__Collection entries__
== Segment start ==

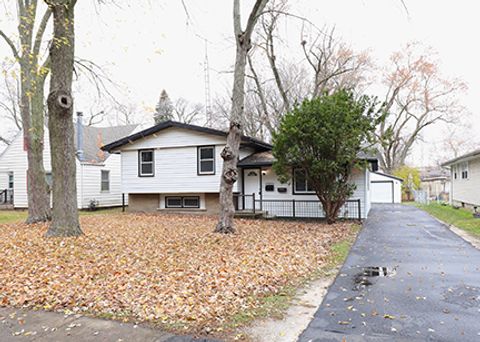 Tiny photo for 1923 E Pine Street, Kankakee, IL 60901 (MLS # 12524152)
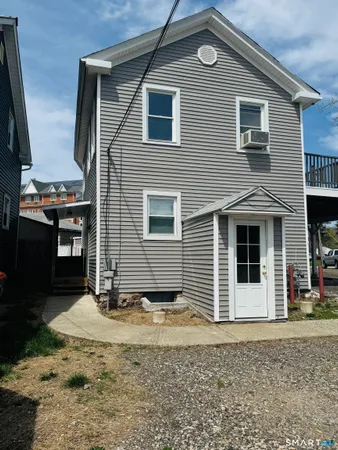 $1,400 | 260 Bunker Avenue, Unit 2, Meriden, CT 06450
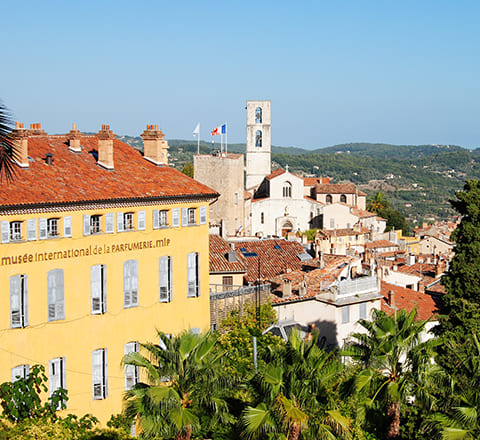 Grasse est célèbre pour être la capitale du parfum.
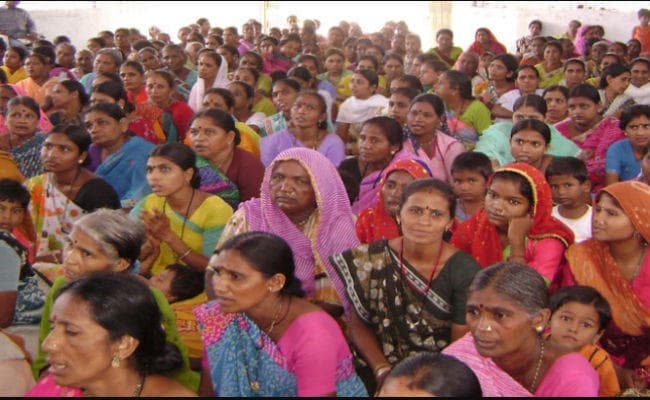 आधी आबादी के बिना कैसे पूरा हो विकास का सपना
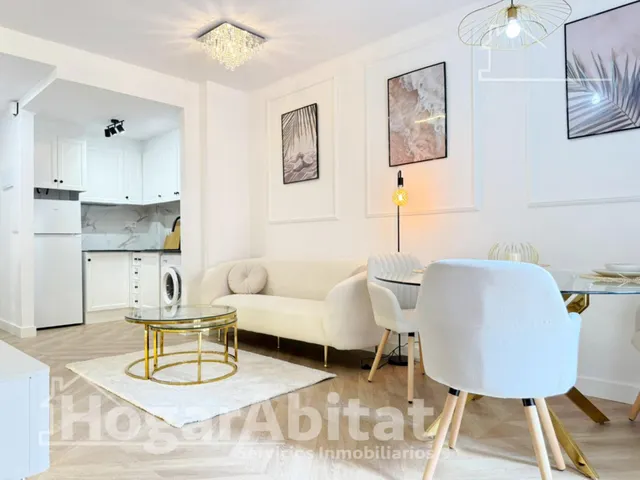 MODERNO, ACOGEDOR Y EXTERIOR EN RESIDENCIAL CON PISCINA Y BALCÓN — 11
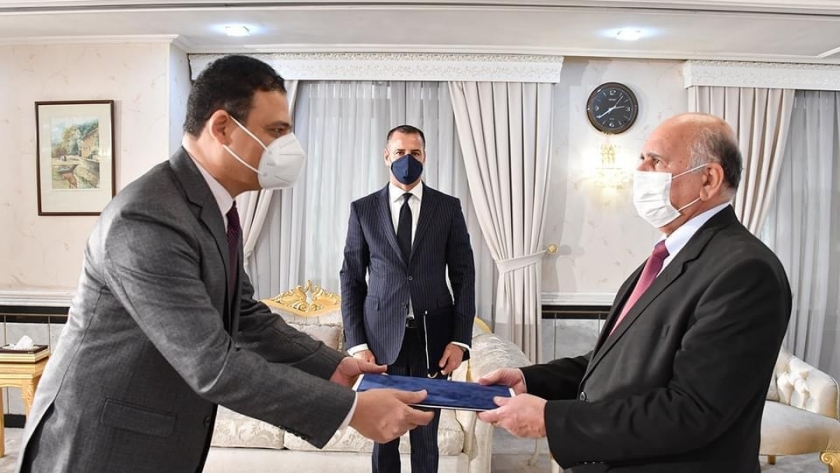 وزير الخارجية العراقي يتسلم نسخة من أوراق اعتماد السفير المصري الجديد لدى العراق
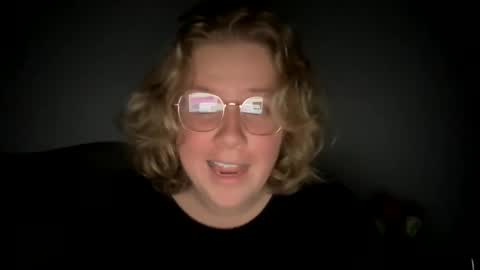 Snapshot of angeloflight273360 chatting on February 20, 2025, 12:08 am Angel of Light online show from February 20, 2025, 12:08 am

== Segment end ==

__Exercise details__
Without the pictures, restate each entry exactly.

__Answer to this problem__
 Tiny photo for 1923 E Pine Street, Kankakee, IL 60901 (MLS # 12524152)
 $1,400 | 260 Bunker Avenue, Unit 2, Meriden, CT 06450
 Grasse est célèbre pour être la capitale du parfum.
 आधी आबादी के बिना कैसे पूरा हो विकास का सपना
 MODERNO, ACOGEDOR Y EXTERIOR EN RESIDENCIAL CON PISCINA Y BALCÓN — 11
 وزير الخارجية العراقي يتسلم نسخة من أوراق اعتماد السفير المصري الجديد لدى العراق
 Snapshot of angeloflight273360 chatting on February 20, 2025, 12:08 am Angel of Light online show from February 20, 2025, 12:08 am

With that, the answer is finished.